|
HAU Diamond Jubilee Year begins March 8
Holy Angel University will formally open its Diamond Jubilee Year on March 8, 2008, coinciding with the school’s Founders Day, or birth anniversary of the school’s founder, Don Juan D. Nepomuceno.
The HAU academic community led by the University President, Dr. Arlyn S. Villanueva, will join the members of the Nepomuceno Family in wreath-laying ceremonies at the founder’s gravesite, to be followed by a Holy Mass officiated by Archbishop Paciano B. Aniceto, D.D., Chairman of the HAU Board of Trustees.
The highlight of the celebrations is the inauguration of the multi-million St. Francis Xavier Building which houses the new University Library and new University Theatre, as well as the groundbreaking ceremonies for the new University Chapel.
“We have prioritized these three edifices because we want to give the best facilities for our students’ intellectual, cultural and spiritual development,” Dr. Villanueva said. “Our next project is the University Sports Complex, which of course answers our students’ physical development needs, thus completing the formation of the whole person, which is our University’s mission statement.”
The gala opening of the new University Theatre will feature performances by the Manila Symphony Orchestra and the University’s student choir, band, string ensemble and dance theatre.
Holy Angel University began as a high school in 1933. Don Juan Nepomuceno and parish priest Fr. Pedro Santos opened the school in response to a clamor for a Catholic high school offering quality but affordable education.

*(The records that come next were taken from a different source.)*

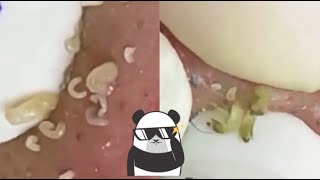 Ultimate Satisfying Pimple Popping Compilation 2024  Best Blackhead amp Acne Removal Video [upl. by Airod]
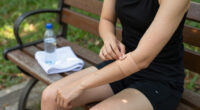 Rabies Exposure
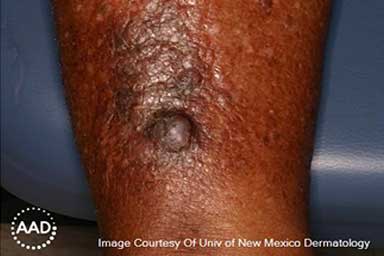 Round, firm, dark-brown growth on patient’s skin is basal cell carcinoma | American Academy of Dermatology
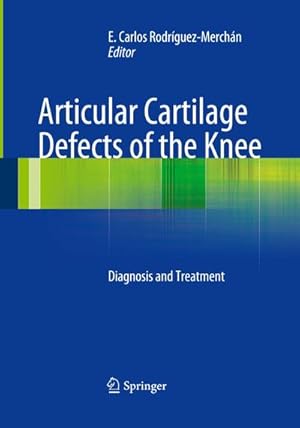Bild des Verkufers fr Articular Cartilage Defects of the Knee : Diagnosis and Treatment zum Verkauf von AHA-BUCH GmbH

In 1933, the only Catholic school in town (Holy Family Academy) offered only elementary education, and the only high school (Angeles Academy) was not a Catholic school. “There was a high school that offered quality education, and that was Pampanga High School,” Robby Tantingco, Director of the Center for Kapampangan Studies, said. “However, it was located in San Fernando, some 17 kilometers away from Angeles.”
“Holy Angel Academy was a combination of all three: a high school (like Angeles Academy) that offered quality education (like Pampanga High School) that was Catholic (like Holy Family Academy),” Tantingco said.
In his book Laying the Foundations: Kapampangan Pioneers in the Philippine Church 1592-2001, historian Dr. Luciano PR Santiago considers Holy Angel “the Philippines’ first Catholic school run by laypersons,” i.e., previously, all Catholic schools in the country were managed by either parishes or religious orders.
The school’s first principal was Ricardo Flores, a former teacher from Pagsanjan, Laguna. “Dr. Flores devoted practically all his life to the school, eventually becoming its President and later, President Emeritus. By the time he died in the 1980s, people were calling him Mr. Holy Angel,” Tantingco said.
“Holy Angel University lived through the best of times and the worst of times, from World War II to political and social unrest, martial law, faculty strikes, student boycotts, volcanic eruptions, lahar, pullout of Clark Air Base,” Tantingco added. “Through it all, it stood firm, growing steadily and helping Angeles survive and transform from a small, sleepy town to a city with a galloping economy that it is today.”
Today, Holy Angel University is recognized as the biggest and most prestigious university in Central Luzon, having earned an autonomous status from the government and a rare Level III accreditation rank from PAASCU, considered the country’s toughest accrediting body for private schools.